Calm down, he probably chewed up the bone--not swalled it whole. His poop will probably be white looking. Their little teeth are so sharp that they can grind up a bone pretty darn quick. And as far as the matches go--well I don't know what to tell you. Puppys just eat everything. I once had a Great Prynees that ate a rather large stick and was bleeding from the wood splinters. Yet she didn't die. The vet had me feed her rice and hamburger for a while and she got well in no time--then she chewed up my venetian blinds--the original wooden ones in my victorian 1890's house. Just treat your puppy like it is a crawling baby that puts everything in its mouth and you will be fine. Good luck.


----------



## Graciep0o (Apr 23, 2010)

Just got back from the vet and no bone in the xrays..either it got completely digested or he never swallowed it in the first place (DH now says he can't remember for certain). We feel like failed parents but I swear we've had him for over a year and this is the first time something like this has happened. The dog probaby thinks he won the lottery because we've been feeding him a lot more hoping to move things alone..he gain 0.4 lbs in less than a week..


----------



## Lizzie'sMom (Oct 13, 2010)

That is great news and no you are not failures as parents!


----------



## shimpli (Mar 24, 2010)

OMG These babies really like to scare us, uhhh. Glad everything looks good.


----------



## Miss Paige (Apr 4, 2008)

They do scare us-my Roman will eat anything that is plastic-now the vet's office just ask what has he eaten when I call and give them my name & that I am Roman's mom. They tell me to feed him bread-to bulk him up and help him pass it. This weekend we were at a meeting-had the expen set up-well-Rommy man moved the sheet into the expen and got ahold of the shower curtain I had under the sheet-long story short I found lots of pieces of shower curtain in the pen-and he is still fine. 

Pat (humom to)
Miss Paige
Mr Roman
Ms Frannie (my true angel girl)
Ms T


----------



## krandall (Jun 11, 2009)

Graciep0o said:


> Just got back from the vet and no bone in the xrays..either it got completely digested or he never swallowed it in the first place (DH now says he can't remember for certain). We feel like failed parents but I swear we've had him for over a year and this is the first time something like this has happened. The dog probaby thinks he won the lottery because we've been feeding him a lot more hoping to move things alone..he gain 0.4 lbs in less than a week..

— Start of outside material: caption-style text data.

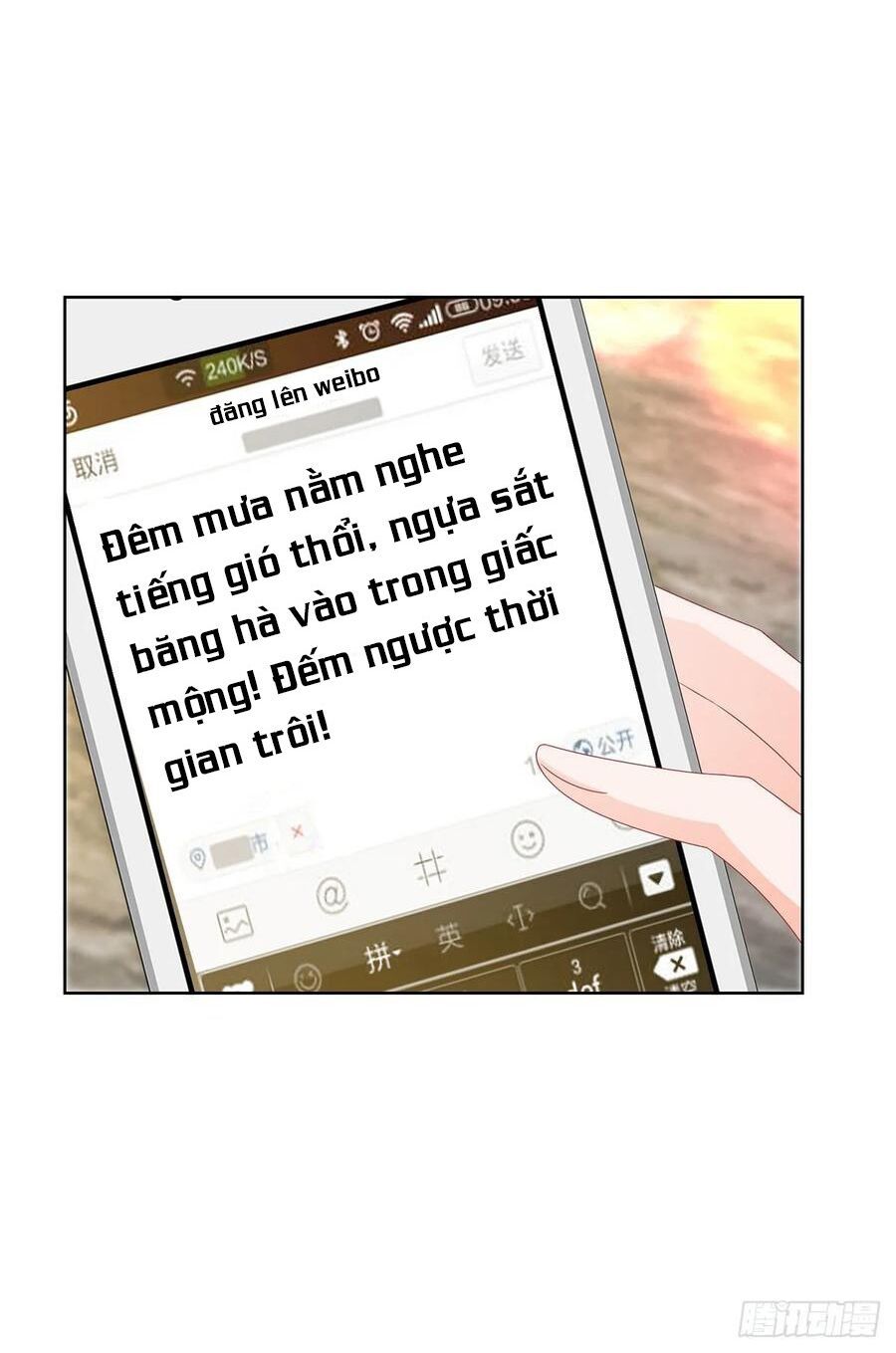 đọc truyện Ẩn Hôn 100%: Chọc Tức Vợ Yêu Mua Một Tặng Một Chương 133 ảnh 6 tại Thiên Thai Truyện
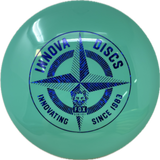 Fox-Innova-Foundation Disc Golf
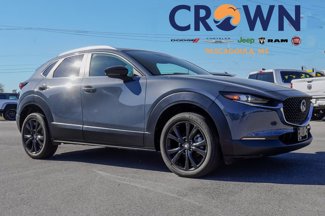 Used 2023 MAZDA CX-30 AWD 2.5 S w/ Preferred Package image 1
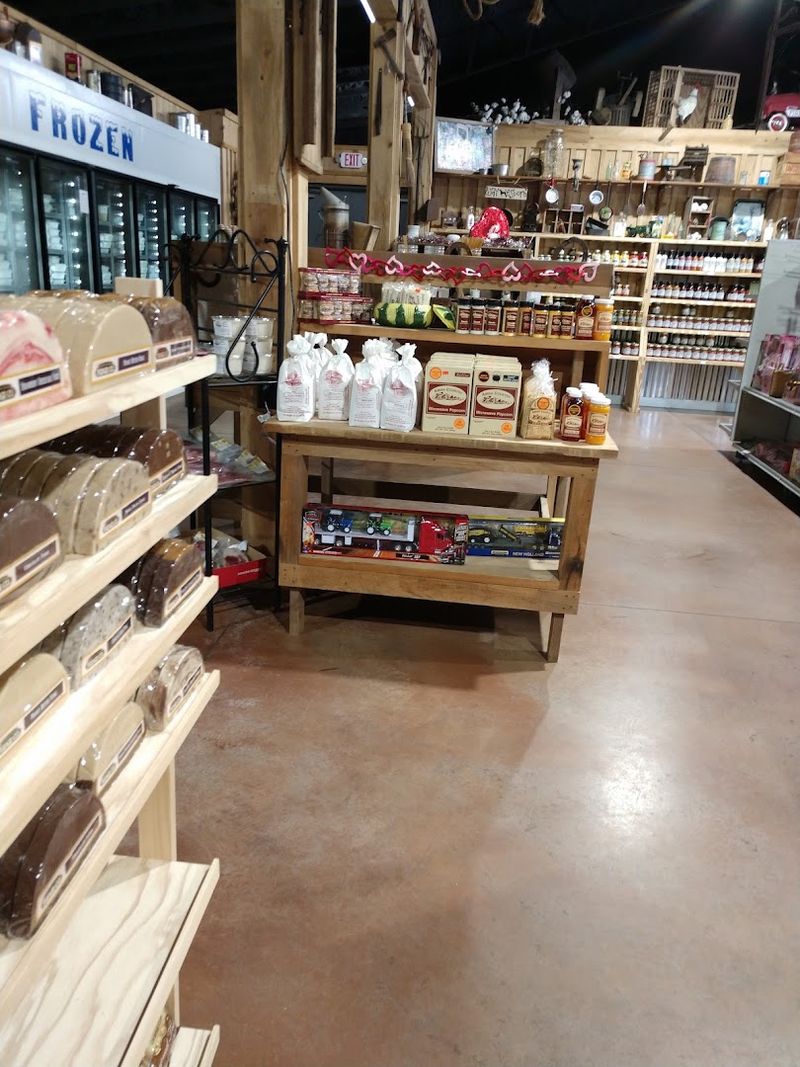 Deli Meats, Cheeses, and All the Good Stuff Deli Meats, Cheeses, and All the Good Stuff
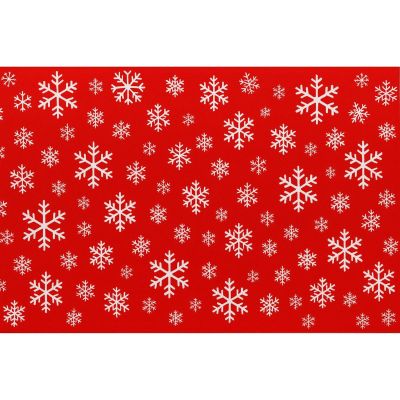 10. Dekorative Tischdecke 130x180cm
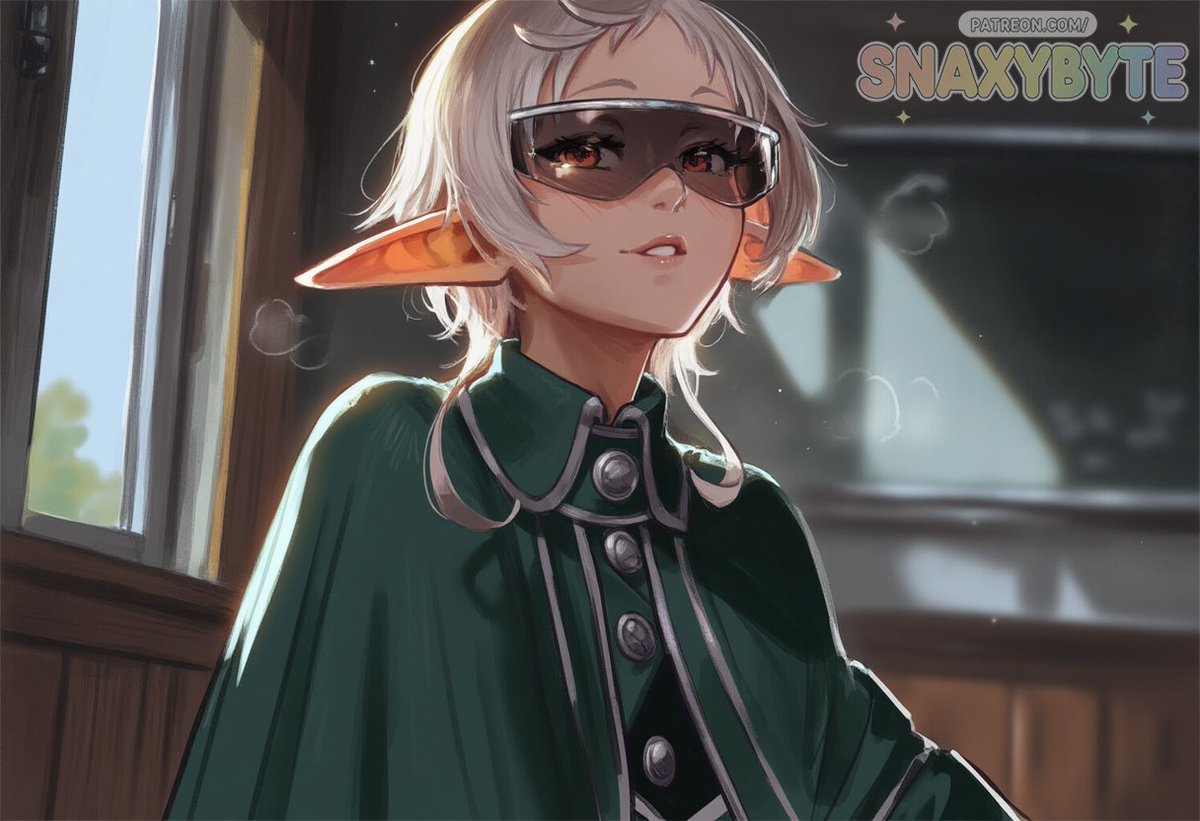 SnaxyByte tweet media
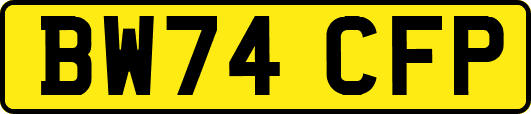 BW74CFP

I can't tell you how many times I've either stopped Kodi from eating something he shouldn't, or caught him in or just after the act and gotten scared to death. And then the one time that he was REALLY sick, I didn't even know what had done it!.:frusty:

I've been watching Kodi very carefully for the past couple of days... he's acting completely normally, but he's eating grass like a cow every time he's outdoors, then pukes large amounts, which (grossness alert!!!uke he will then eat again unless I pounce on him and take him indoors. He's eating so much grass his poop is green!!! So I'm not sure if he's just fixating on the grass for some reason, or if his tummy is upset and he's purposely eating grass to make him vomit. If it continues, I'll have to make an appointment with the vet.

These little monsters keep us on our toes!


----------



## motherslittlehelper (Mar 18, 2010)

Graciep0o said:


> Just got back from the vet and no bone in the xrays..either it got completely digested or he never swallowed it in the first place (DH now says he can't remember for certain). We feel like failed parents but I swear we've had him for over a year and this is the first time something like this has happened. The dog probaby thinks he won the lottery because we've been feeding him a lot more hoping to move things alone..he gain 0.4 lbs in less than a week..


Glad to hear they didn't find an unwanted bone inside of him. I would much rather have had the x-ray and found no bone than to find one, yes?! 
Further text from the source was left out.